* _Data extracts_:

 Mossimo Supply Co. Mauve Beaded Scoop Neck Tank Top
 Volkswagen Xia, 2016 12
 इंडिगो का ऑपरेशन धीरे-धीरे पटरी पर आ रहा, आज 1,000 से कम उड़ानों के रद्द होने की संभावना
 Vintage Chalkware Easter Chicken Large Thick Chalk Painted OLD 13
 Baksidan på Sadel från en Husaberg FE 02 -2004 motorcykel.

==

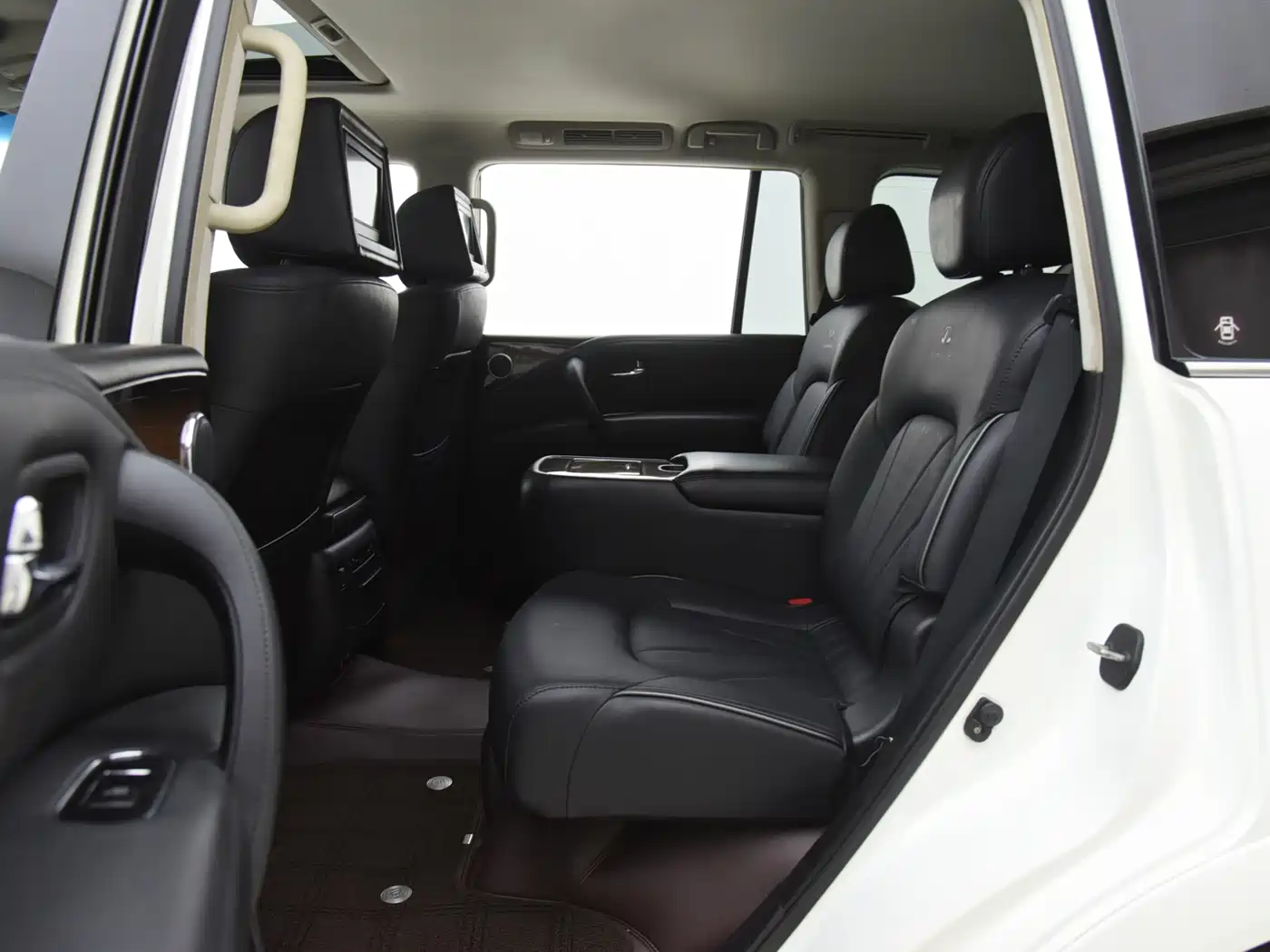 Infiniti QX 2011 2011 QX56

==

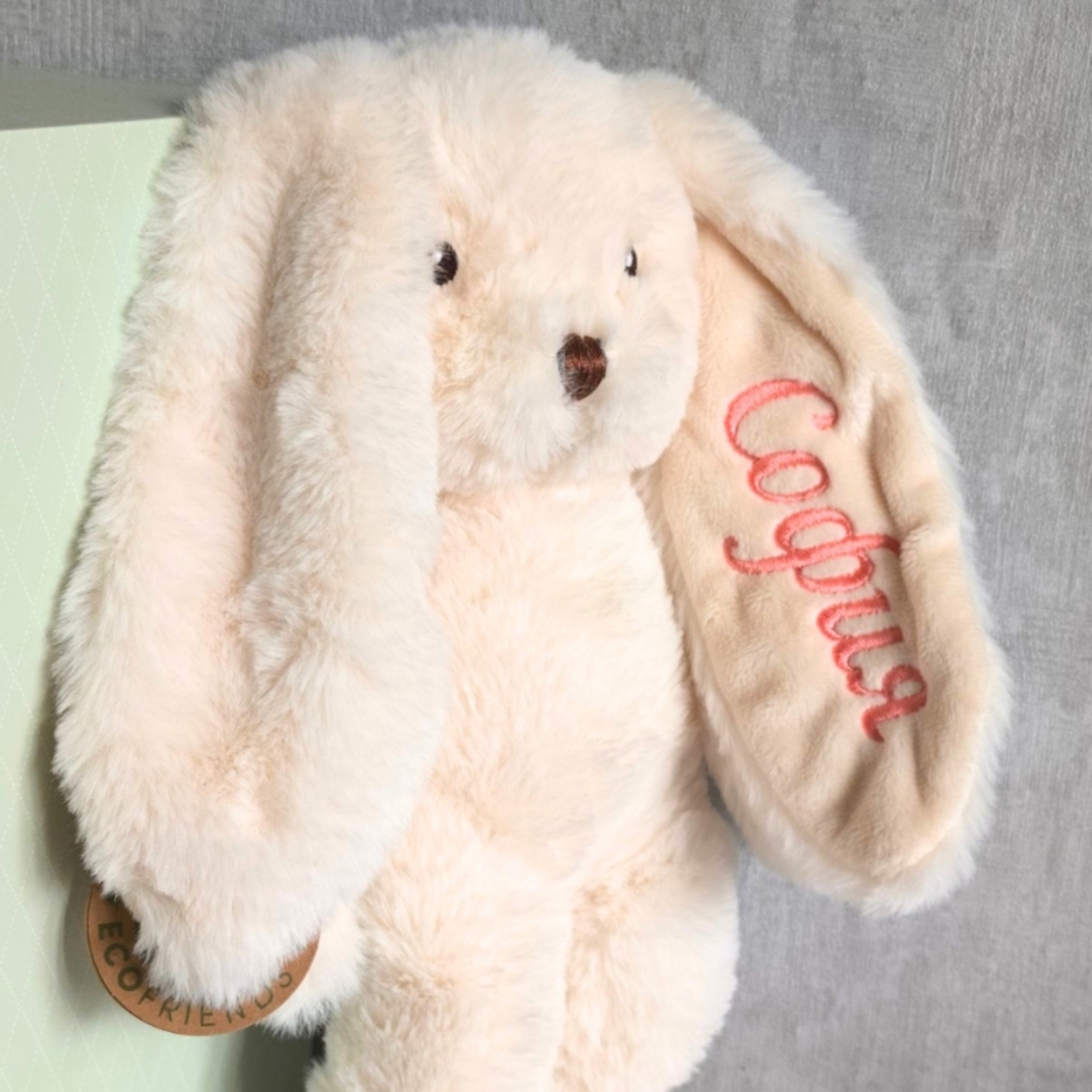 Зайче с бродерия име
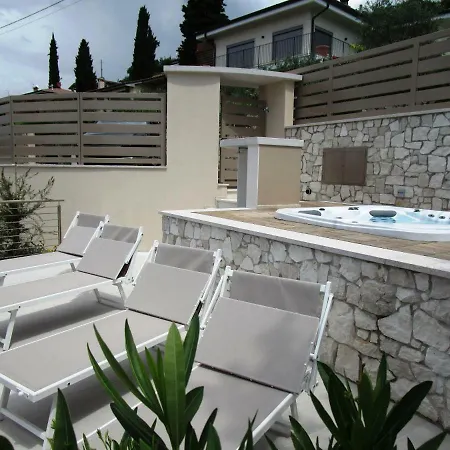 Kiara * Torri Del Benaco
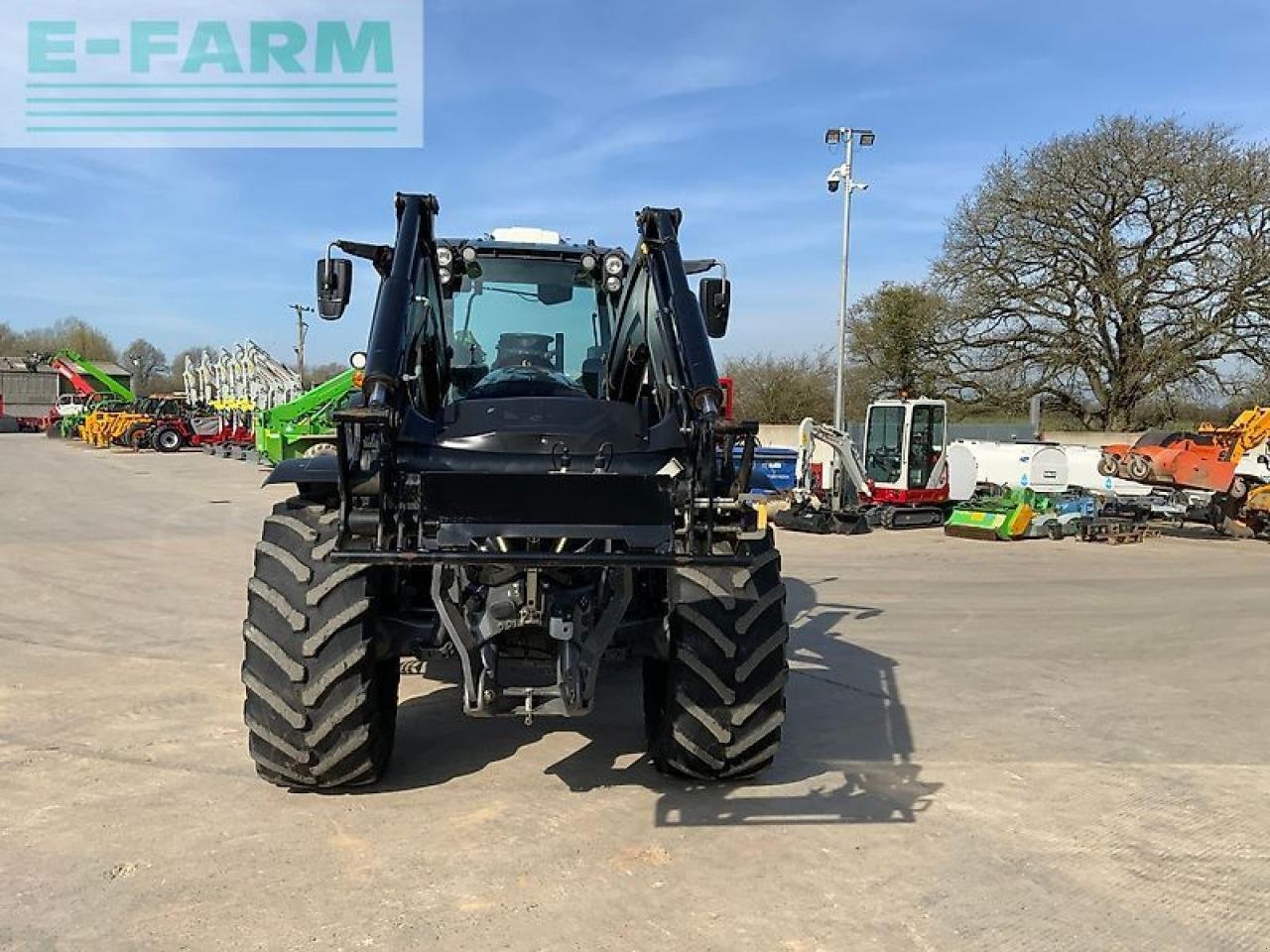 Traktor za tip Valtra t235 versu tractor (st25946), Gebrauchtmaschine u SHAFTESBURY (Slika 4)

* _Work order_: Within the listing above, give again exactly every line from the line with "Volkswagen Xia, 2016 12" through the line with "Baksidan på Sadel", both included, and no other line.

* _Final answer_:
 Volkswagen Xia, 2016 12
 इंडिगो का ऑपरेशन धीरे-धीरे पटरी पर आ रहा, आज 1,000 से कम उड़ानों के रद्द होने की संभावना
 Vintage Chalkware Easter Chicken Large Thick Chalk Painted OLD 13
 Baksidan på Sadel från en Husaberg FE 02 -2004 motorcykel.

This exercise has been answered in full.